* [Exercise objective]: In the records below, find each line that holds "album" and return it.

* [Information]:
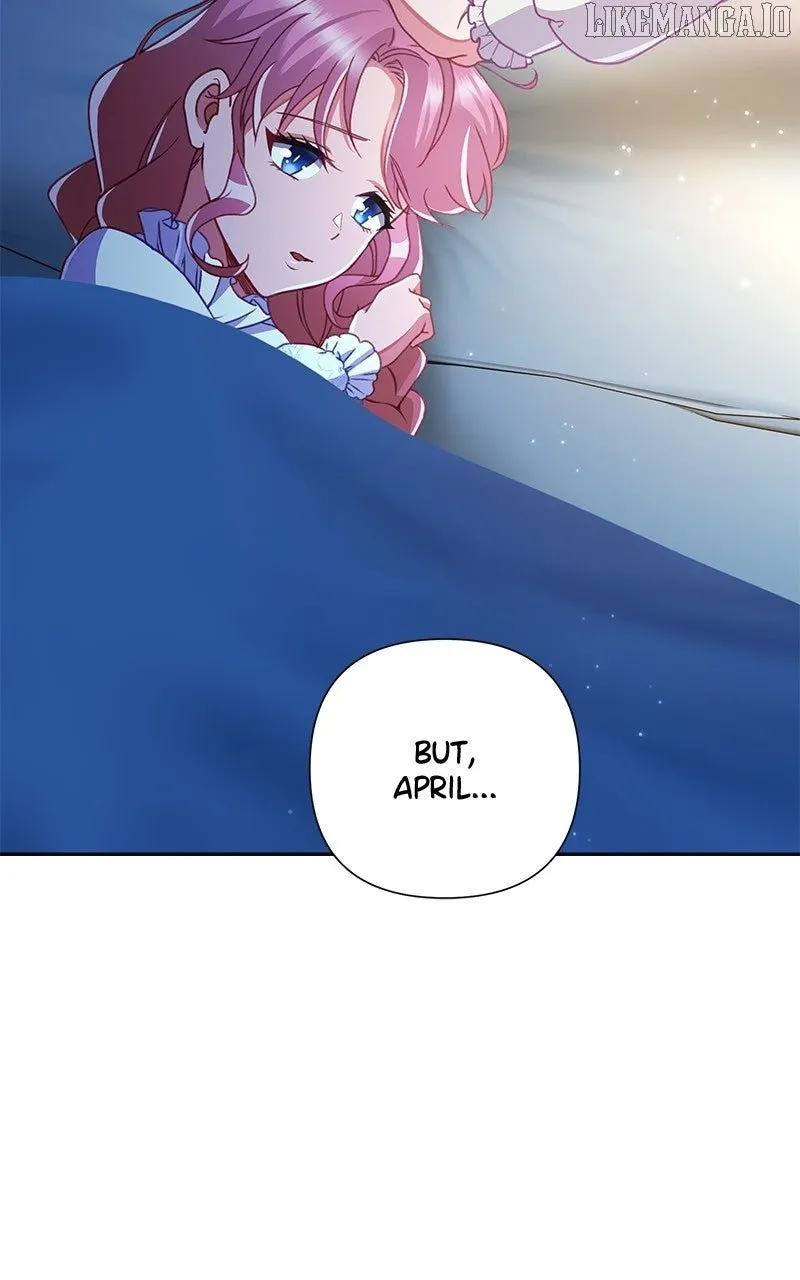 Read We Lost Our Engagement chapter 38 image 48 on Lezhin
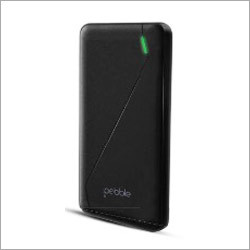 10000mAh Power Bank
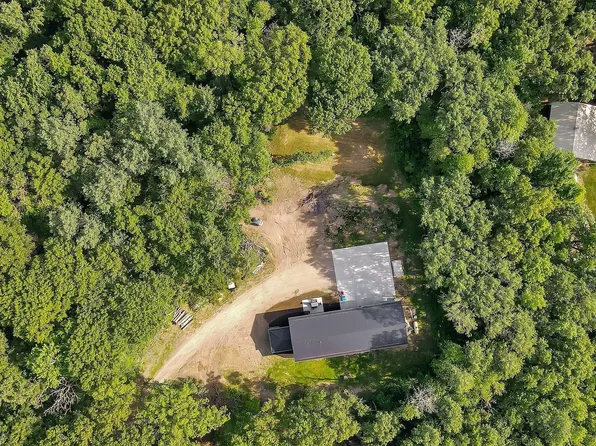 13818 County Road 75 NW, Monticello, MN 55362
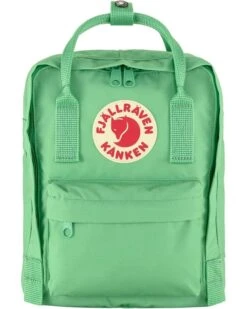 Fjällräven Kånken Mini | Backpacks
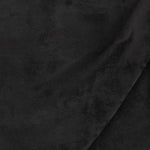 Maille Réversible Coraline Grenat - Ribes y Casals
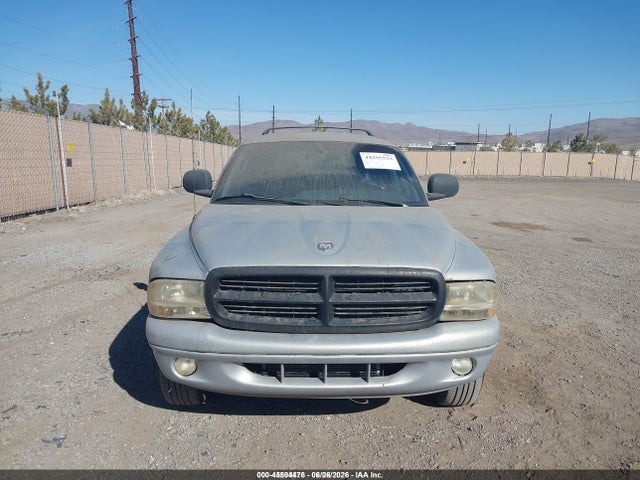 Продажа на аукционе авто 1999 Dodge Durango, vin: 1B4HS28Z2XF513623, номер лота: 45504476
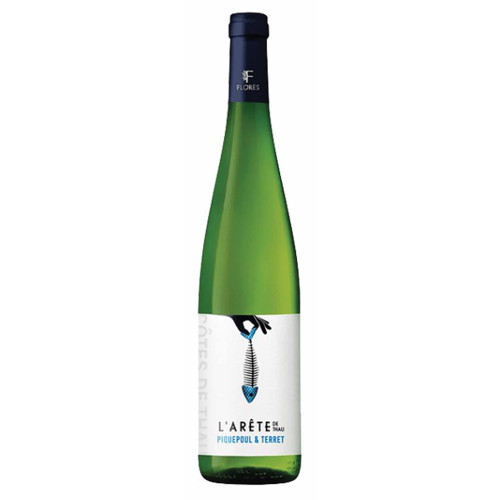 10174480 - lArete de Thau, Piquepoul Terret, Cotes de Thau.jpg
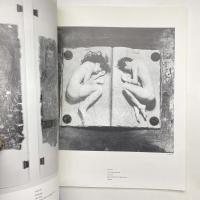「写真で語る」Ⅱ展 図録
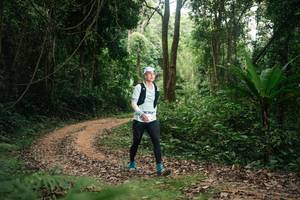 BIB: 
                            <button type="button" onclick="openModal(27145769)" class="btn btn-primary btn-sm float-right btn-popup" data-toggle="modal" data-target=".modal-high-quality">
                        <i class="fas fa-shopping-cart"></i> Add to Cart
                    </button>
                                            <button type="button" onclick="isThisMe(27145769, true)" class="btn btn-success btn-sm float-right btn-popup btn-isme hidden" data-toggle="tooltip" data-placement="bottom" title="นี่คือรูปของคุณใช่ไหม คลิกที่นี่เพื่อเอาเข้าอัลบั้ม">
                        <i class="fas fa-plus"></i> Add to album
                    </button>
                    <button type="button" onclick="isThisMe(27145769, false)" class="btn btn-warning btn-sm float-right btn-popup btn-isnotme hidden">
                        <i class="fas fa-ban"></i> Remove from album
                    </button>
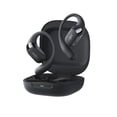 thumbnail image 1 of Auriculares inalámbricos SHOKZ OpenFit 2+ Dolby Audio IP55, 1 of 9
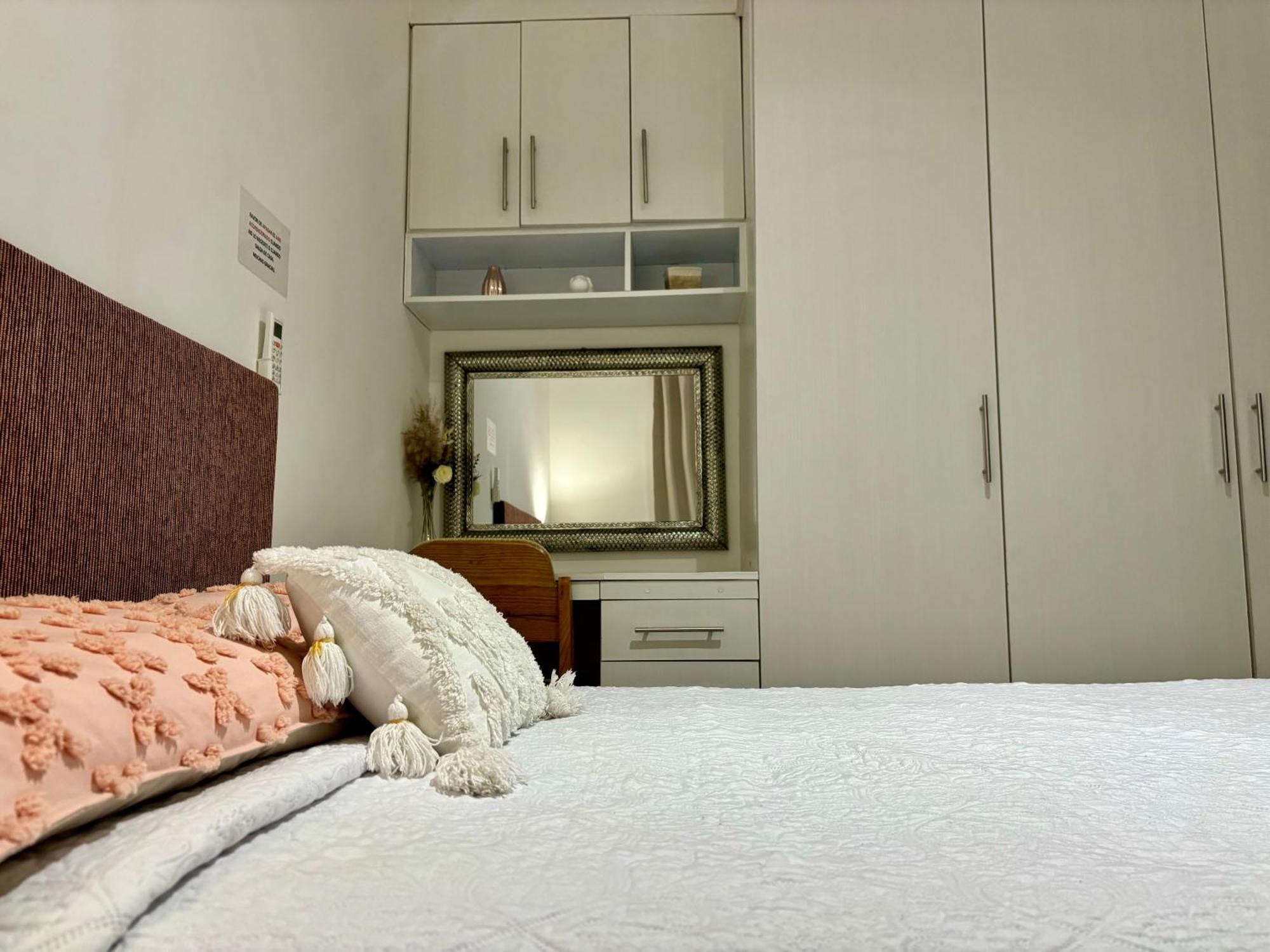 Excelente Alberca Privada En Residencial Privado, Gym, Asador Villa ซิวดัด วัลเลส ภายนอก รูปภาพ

---

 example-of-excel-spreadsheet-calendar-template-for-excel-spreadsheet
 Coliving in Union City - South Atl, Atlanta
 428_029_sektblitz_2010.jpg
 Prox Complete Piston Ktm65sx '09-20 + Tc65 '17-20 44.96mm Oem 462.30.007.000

* [Solution]:
                        <i class="fas fa-plus"></i> Add to album
                        <i class="fas fa-ban"></i> Remove from album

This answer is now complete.